Source Address Classification - Feature Engineering
Jing Qiao •
Problem background
As we operate the authoritative name servers for the .nz ccTLD (Country Code Top Level Domain), we observe more than 500k unique source addresses sending DNS queries to us every day. According to DNS standards, those addresses should mainly be DNS resolvers acting on behalf of their users.
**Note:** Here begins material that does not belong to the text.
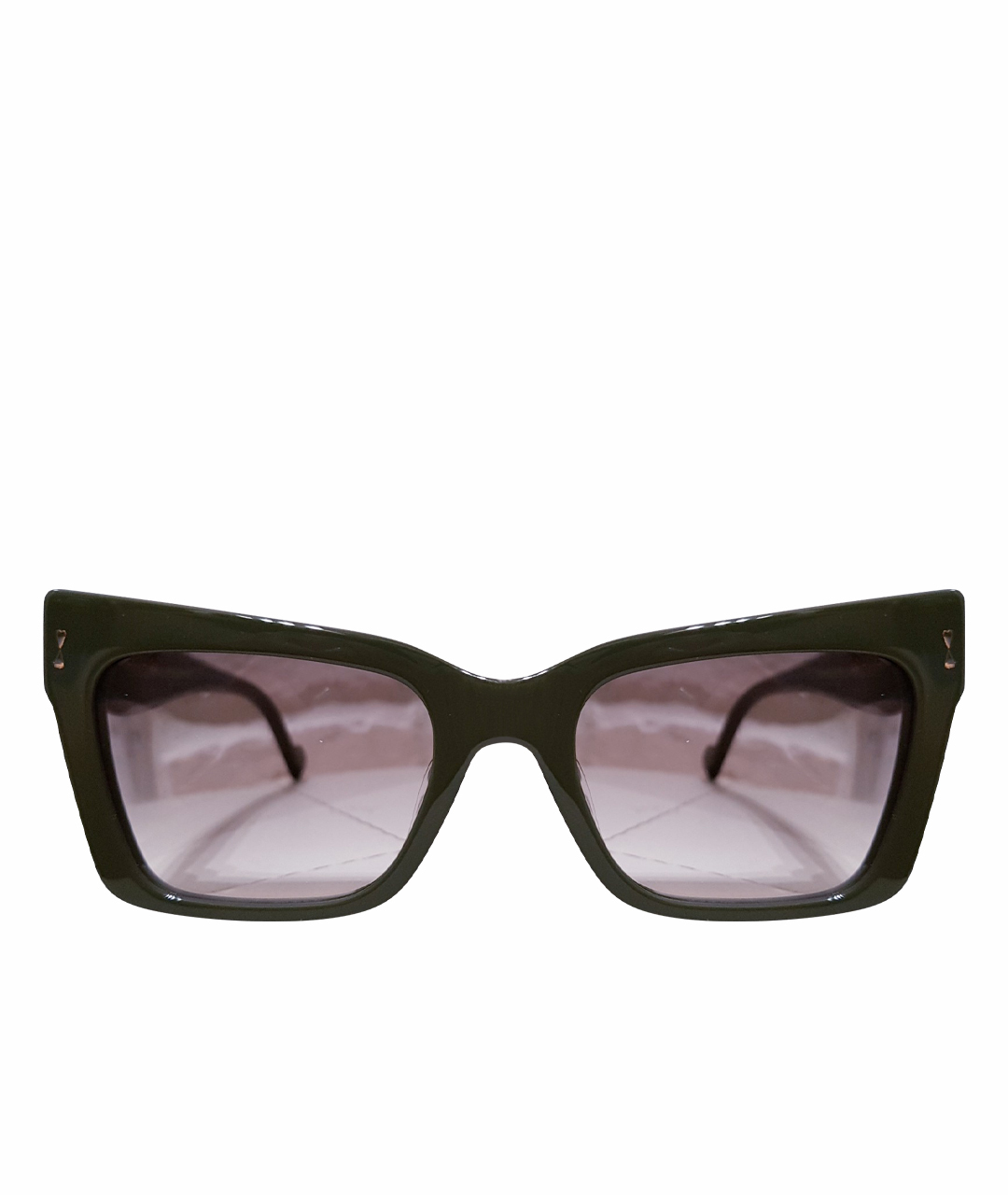 ZIMMERMANN Зеленые пластиковые солнцезащитные очки, фото 1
However, the real world is more complicated. Based on our observations, they're not all DNS resolvers. We've seen some known monitoring hosts constantly probing us for uptime testing. We've also seen some addresses setting Recursion Desired flag in their queries, indicating they're either non-resolvers or misconfigured resolvers. There're also many other addresses we're uncertain about what they are. These non-resolvers produce a lot of noise to our traffic data, which skews our view of the real use of the .nz namespace, and thus undermines the accuracy of our domain popularity ranking algorithm. If we're able to differentiate the resolvers from the non-resolvers, we can assign a higher weight to the traffic from a resolver in the domain popularity ranking algorithm to improve its accuracy.
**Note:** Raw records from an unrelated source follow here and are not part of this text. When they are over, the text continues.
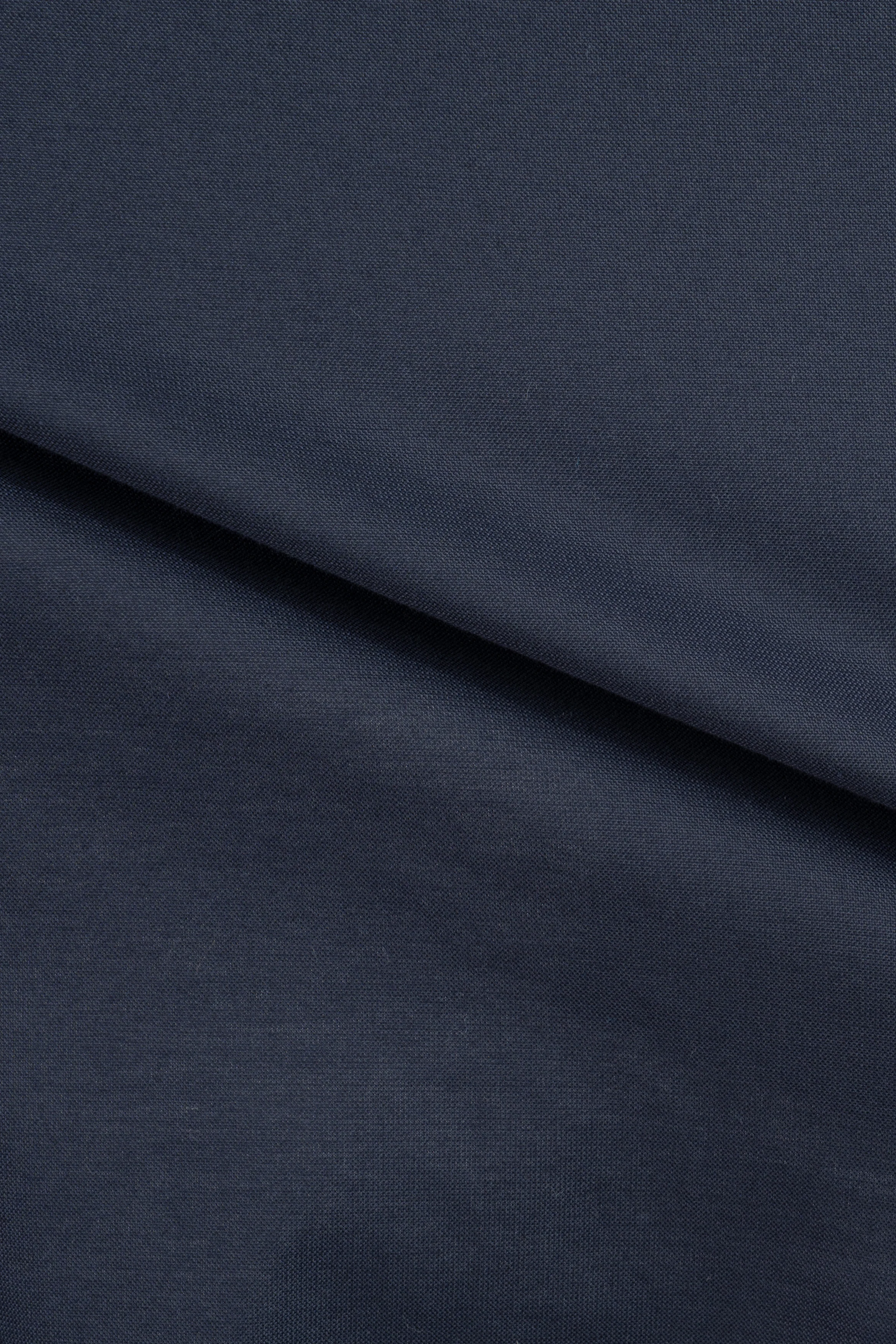 Stretch Oxford Button Down Shirt Navy - Image 7
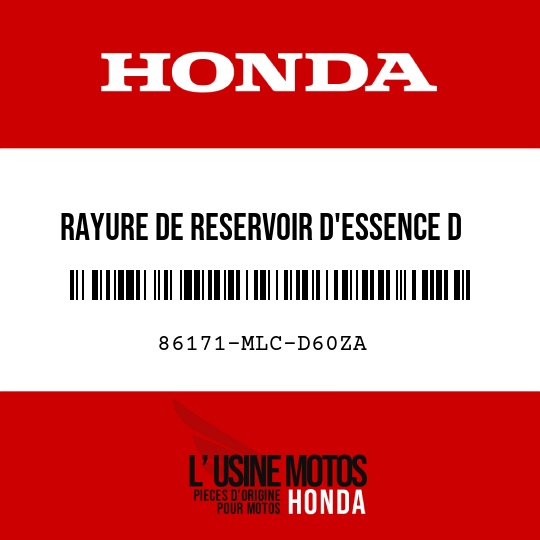 image de 86171-MLC-D60ZA RAYURE DE RESERVOIR D'ESSENCE D TYPE3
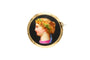 Broche Napoléon III - Broche en or jaune 18 carats et porcelaine 58 Facettes B827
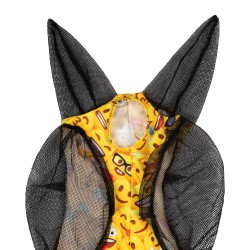 Máscara Antimoscas de Lycra con Cubre-Orejas Pro-Tech Emoticono Motifs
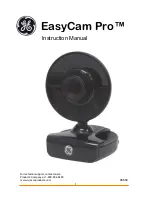 GE EasyCam Pro Instruction Manual preview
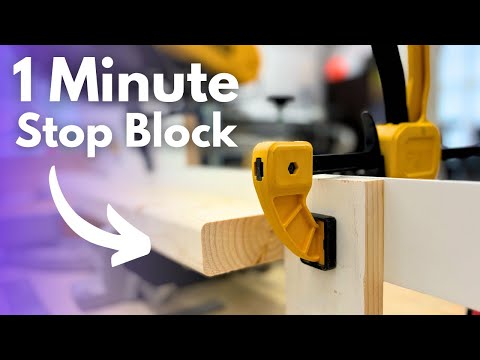The Easiest DIY Miter Saw Stop Block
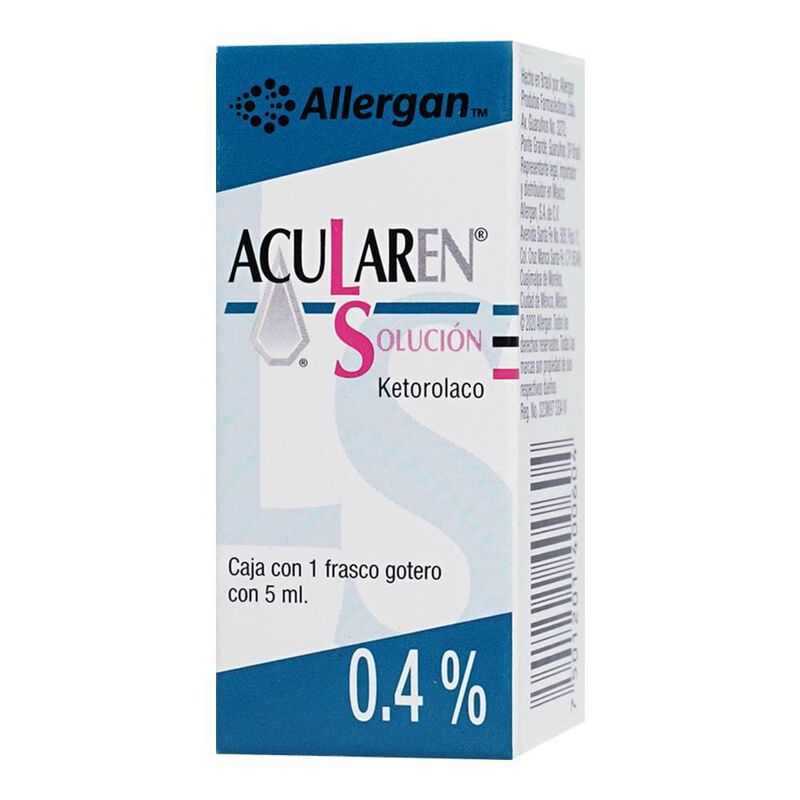 Acularen 0.004 Caja con 1 frasco gotero con 5ml... image number null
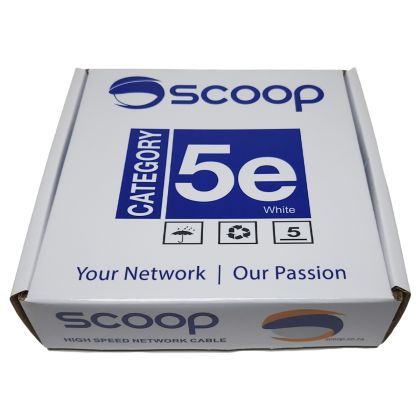 Scoop_100m_Box_Cat5e_CCA_White_UTP_Cable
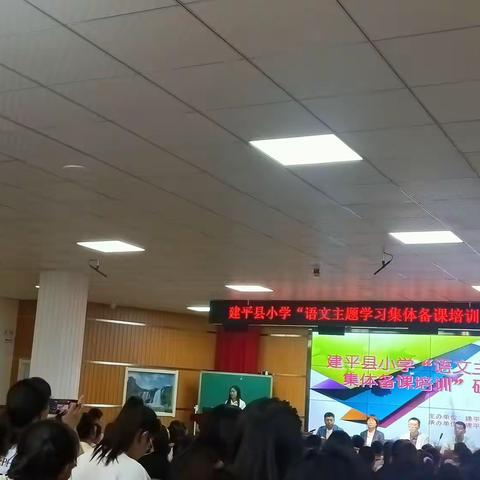 专业引领，快速提升——建平县小学“语文主题学习集体备课培训”研讨会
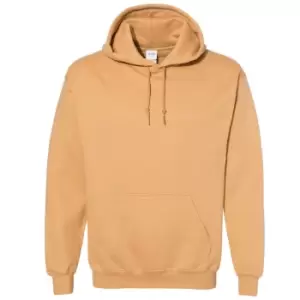 Image of Gildan Heavy Blend Adult Unisex Hooded Sweatshirt / Hoodie (2XL) (Old Gold)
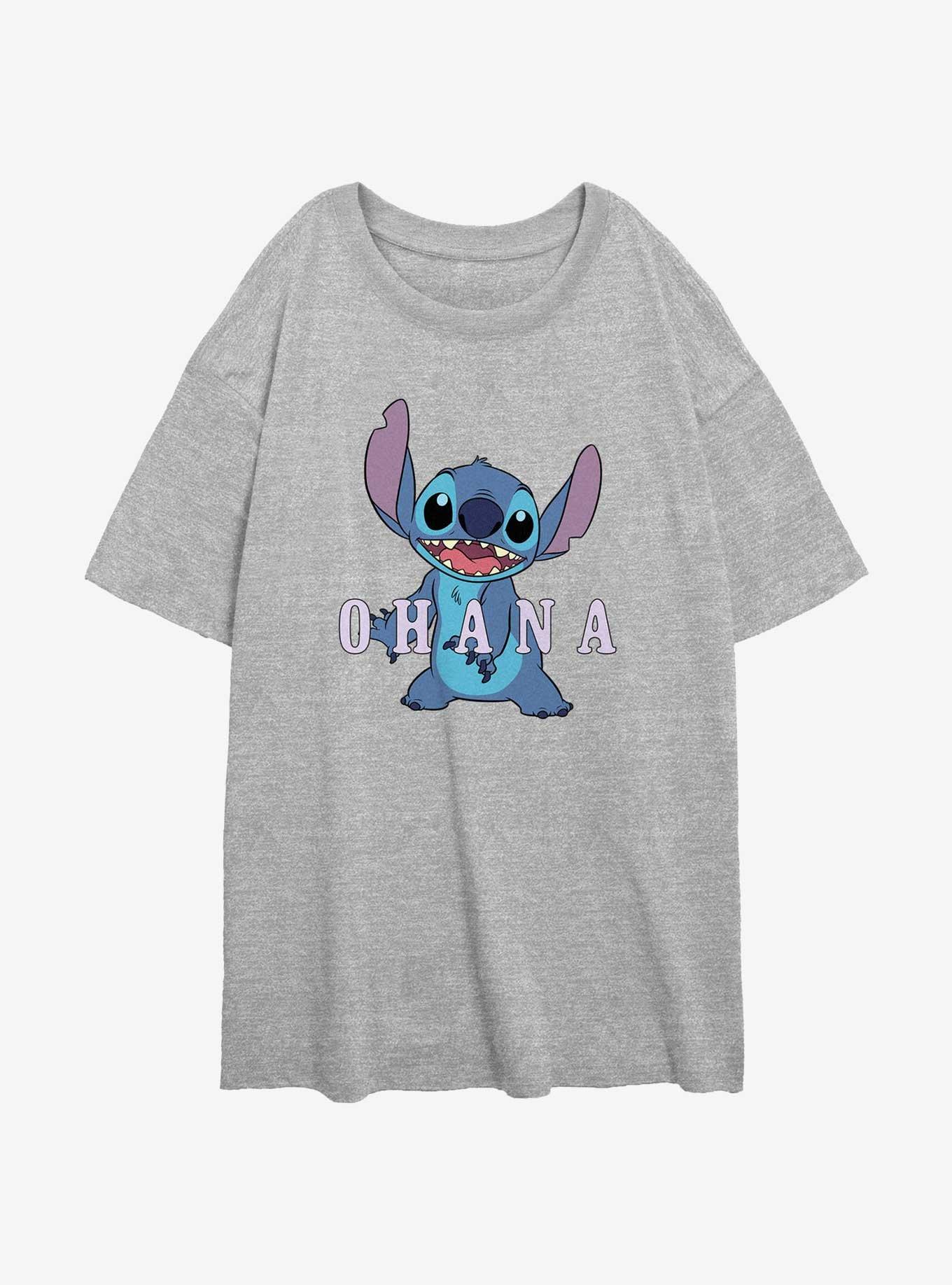 Disney Lilo & Stitch Ohana Womens Oversized T-Shirt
Unfortunately, it's not easy to identify DNS resolvers, and as far as we know, no one has tried to do this using passive data from an authoritative DNS source.
Retrospect
Aware of this challenge, we started to build a classifier to predict whether a source address is a resolver or not. First, we tried to build a supervised classifier. We collected a sample of known resolvers and monitors for training, and derived 14 features based on 1 day's DNS traffic received by the nameservers in NZ. Though the classifier didn't detect many non-resolvers as we expected, we realized our training data was bias by not including representative samples of other patterns, which caused the model to be overfitting. So we turned to the unsupervised method to learn the inherent structure of the data to discover more hidden patterns. The efforts of training the supervised and unsupervised classifier were presented together in "In the search of resolvers", OARC 25.
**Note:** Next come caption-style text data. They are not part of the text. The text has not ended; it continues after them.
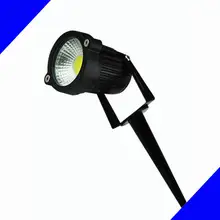 Прямая с фабрики 5 Вт 7 Вт COB светодиодный подземный свет IP65 утопленный напольный светильник DC12V или AC85-265V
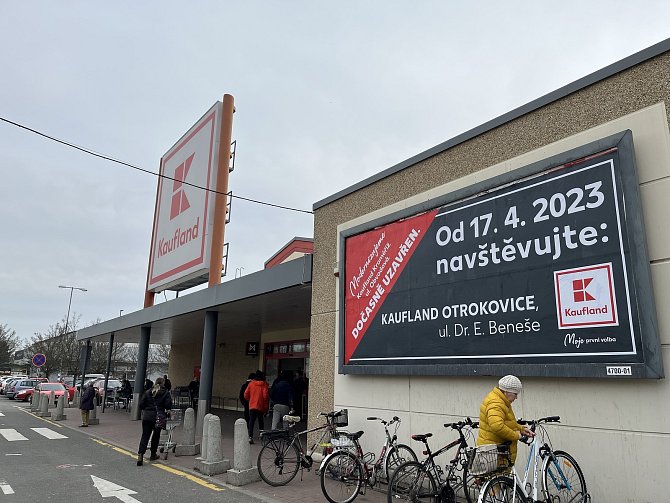 Prodejnu Kauflandu v Kroměříži čeká rekonstrukce.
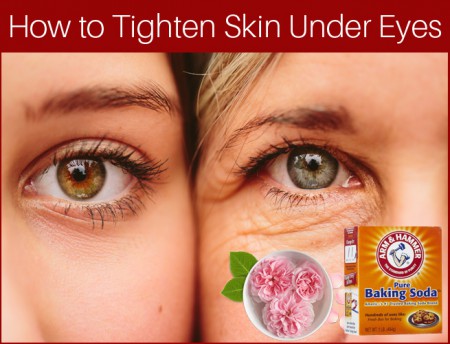 how to tighten skin under eyes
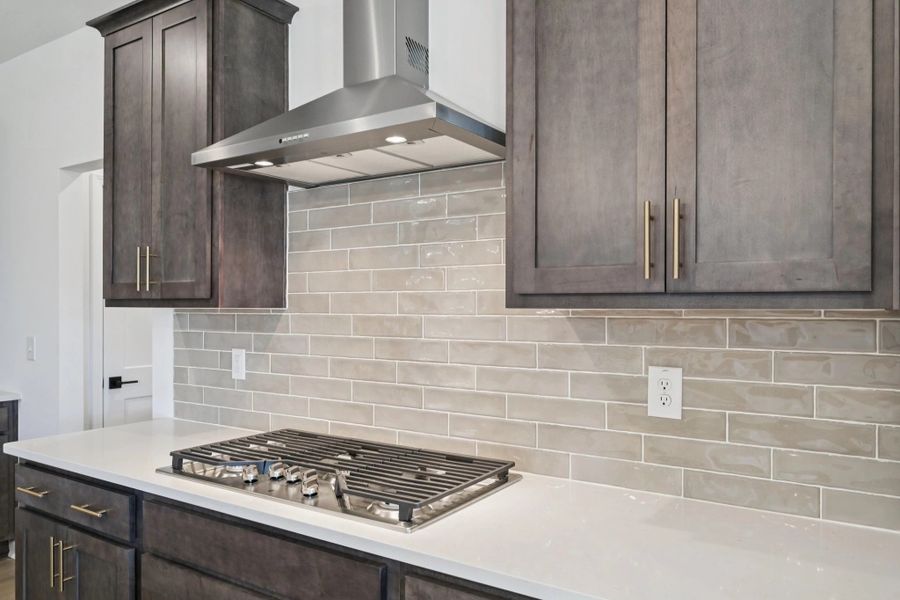 Kitchen featuring AW Collection® Oxford - Matte finishes, light wood, and refined style.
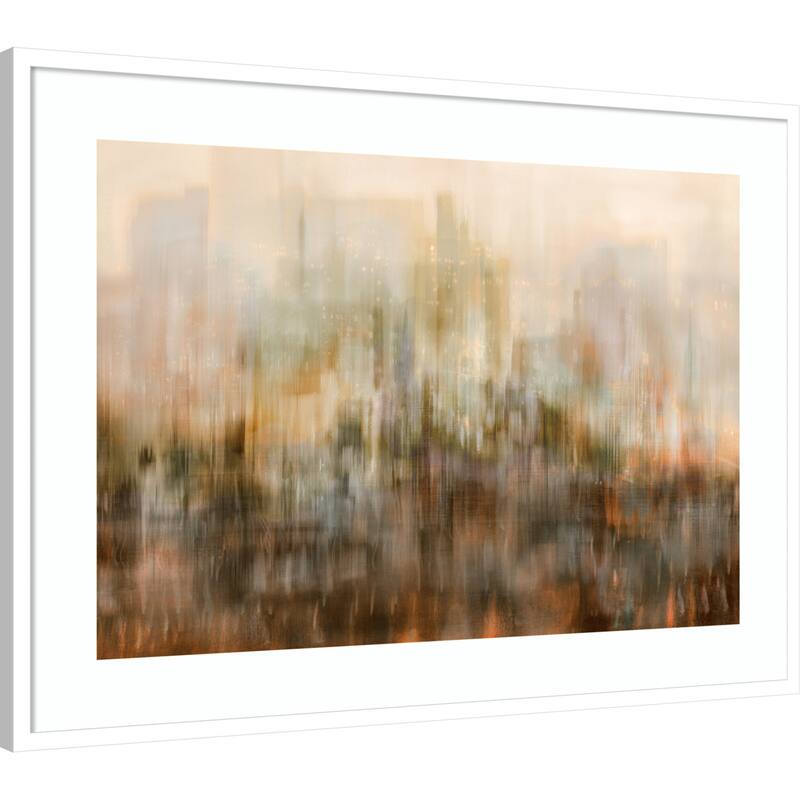 Evening City by Christina Sillen Wood Framed Wall Art Print
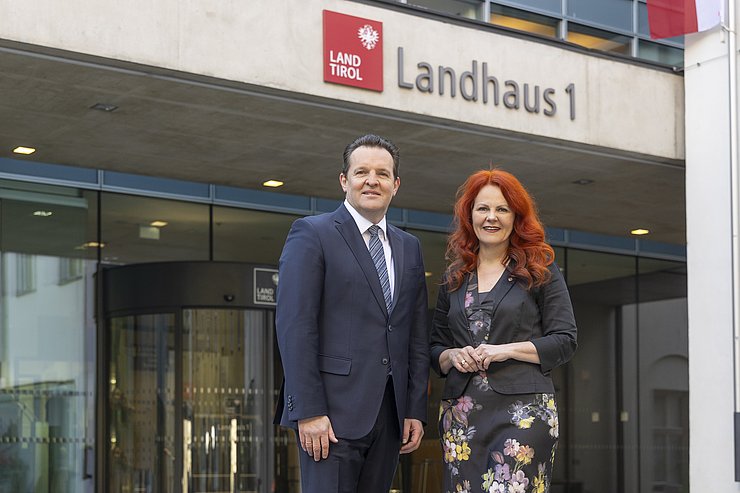 LR René Zumtobel und LRin Cornelia Hagele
The unsupervised model showed some interesting patterns and performed well by clustering together most of the known resolvers, but had a problem of mixing some monitors with resolvers in the same cluster. The reason could be that our feature set was not enough to differentiate some monitors from resolvers, or 1 day's data is not enough for the discrimination. So we extended the data to a longer period of time, 92 days, and looked for more features that could help capture the underlying differences. We ended up with a new clustering model with 30 features documented in "Understanding traffic sources seen at .nz", OARC 27.
Recently, we've been extending our sample set, doing a lot of feature engineering and got further progress on improving the unsupervised clustering. This post will focus on the feature engineering part and a second post in the near future will explain the clustering efforts.
Feature engineering is key
In a machine learning practice, you need to define a set of features that's fed into a machine learning algorithm to let it learn and predict. A good feature set often determines your success in practice. But the signals are often hidden in the raw data and implicit features need to be found by human intuition and domain knowledge. So feature engineering is recommended to be the critical part to put the effort on to succeed in a machine learning practice.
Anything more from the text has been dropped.